A group of Republican representatives is signaling their intent to mount a last-ditch challenge to the 2020 election leading up to the official congressional certification of the election results next week.
On Wednesday, Jan. 6, a joint session of Congress will meet to log the certificates of ascertainment submitted by each state and officially record the election results in the Congressional Record.
Yet multiple GOP representatives have publicly affirmed that they will be challenging those votes, citing what they say are irregularities and unconstitutional arrangements that have called into question the integrity of Joe Biden's putative victory in the race.
Among the challengers is Mo Brooks, who represents Alabama's 5th Congressional District. Brooks originally indicated his intent to challenge the certification in early November. "There's no way I'll vote in the House to ratify the Electoral College votes of states where illegal votes distorted the will of the people in those states who voted legally," he wrote on Twitter at the time.
In an interview with the Birmingham News earlier this month, Brooks reiterated that intent, arguing that Joe Biden "was the largest beneficiary of illegally cast votes in the history of the United States."
"And I can either ratify that illegal vote system," he continued, "or I can object to it, in hopes that our election system will become more secure in future elections."
In a letter to congressional leaders earlier this month urging an investigation of the election results, Brooks cited "countless incontestable examples wherein governors, election officials, and judges altered states' election procedures in violation of the Constitution's Election Clause."
The letter, which was signed by 18 other GOP House members, asked for Capitol Hill leaders to "hold all evidentiary and other hearings to fully investigate and probe the anomalies of the 2020 general election."
Joining the effort is Florida Rep. Matt Gaetz, a vocal supporter of President Trump for several years who has been in Congress since 2017.
"I'm joining with the fighters in the Congress, and we are going to object to electors from states that didn't run clean elections," Gaetz told the Turning Point USA Student Action Summit earlier this month.
In North Carolina, meanwhile, two politicians — Rep. Ted Budd and Representative-elect Madison Cawthorn — have pledged to challenge the Jan. 6 process.
On that date, "I will be contesting the election," Cawthorn said earlier this month at the Turning Point summit. Cawthorn is set to be the youngest member of Congress in over five decades as well as the youngest Republican ever elected.

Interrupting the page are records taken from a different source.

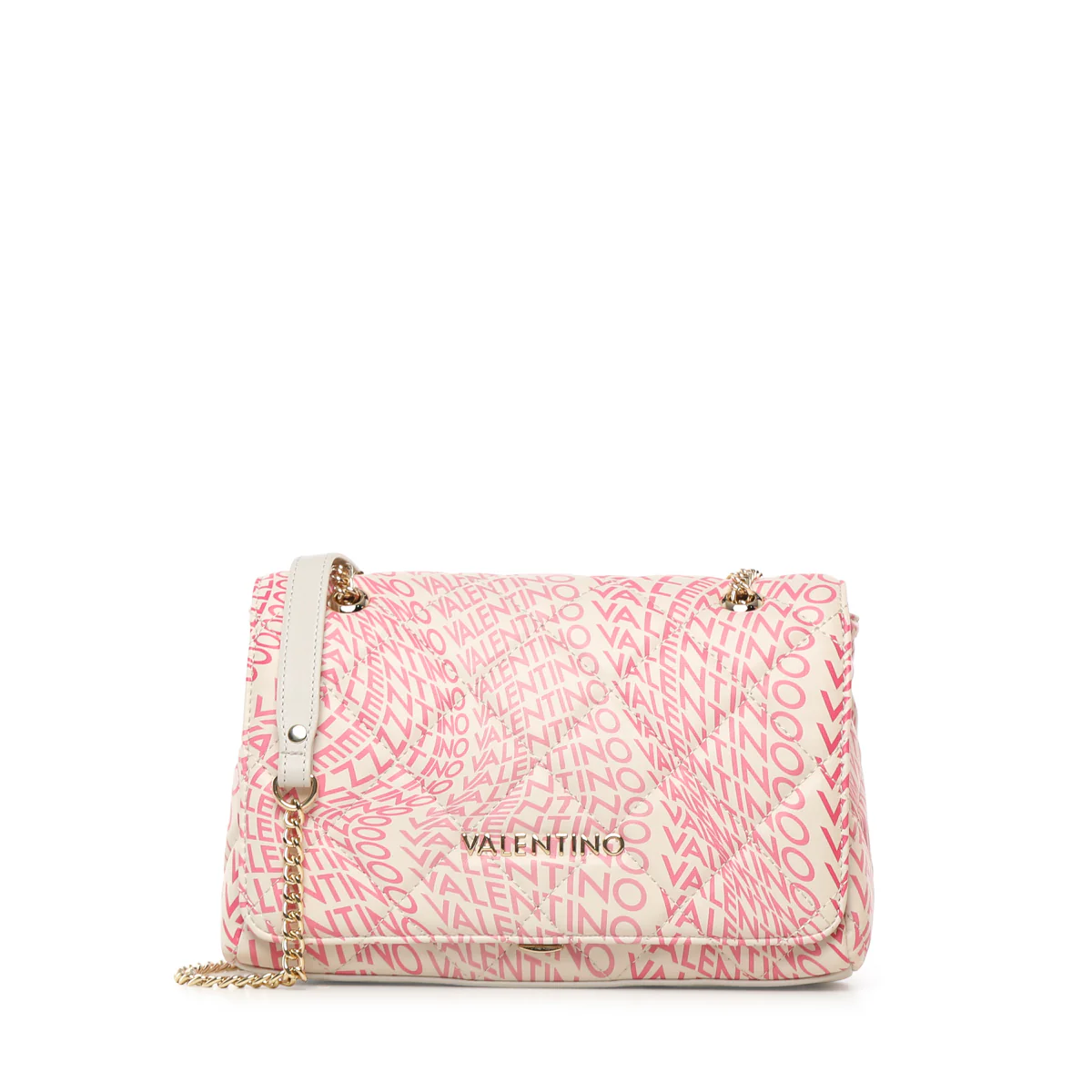 Borsa a spalla OCEAN RE - Image 13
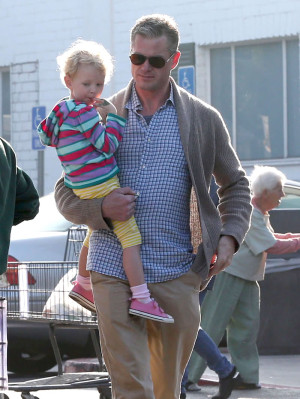 photo 12 in Eric Dane gallery [id588333] 2012-12-07 00:00:00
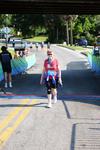 IMG_3044 (cam 1)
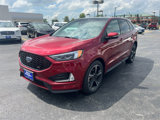 Used 2019 Ford Edge ST w/ Equipment Group 401A image 4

"Not doing this to help my career in Washington, in fact this will most likely harm it," Cawthorn wrote of the announcement. "But no one should go to Washington as a career. Go there to serve the people."
Budd, meanwhile, wrote a letter to the Republican members of the North Carolina House delegation. Noting that "the people of North Carolina chose President Donald Trump to be reelected," Budd urged, "We should not allow the lack of election integrity in other states [to] deprive us of the president that we voted for."
Multiple swing states since last month have been at the center of prolonged controversy regarding allegations and accusations of illegal voting, unconstitutional election rule changes, and mail-in ballot fraud.
Efforts to dispute and delay election results by the Trump campaign and other challengers have largely been shot down by courts, including a major attempt earlier this month by Texas and over a dozen other states hoping to delay the certification of results in several swing states.
A challenge to the certification process — which would need to be accompanied by a senator's signature to be successful — would require both houses of Congress to return to their respective chambers to debate the matter. Both the House and the Senate would have to agree to toss out a state's votes.
Republicans currently control the Senate, while Democrats hold a majority in the House.
Democratic politicians in the past have made motions to challenge election certifications in Congress — after George W. Bush's two victories, for example, as well as Donald Trump's following the 2016 election — though none came to fruition.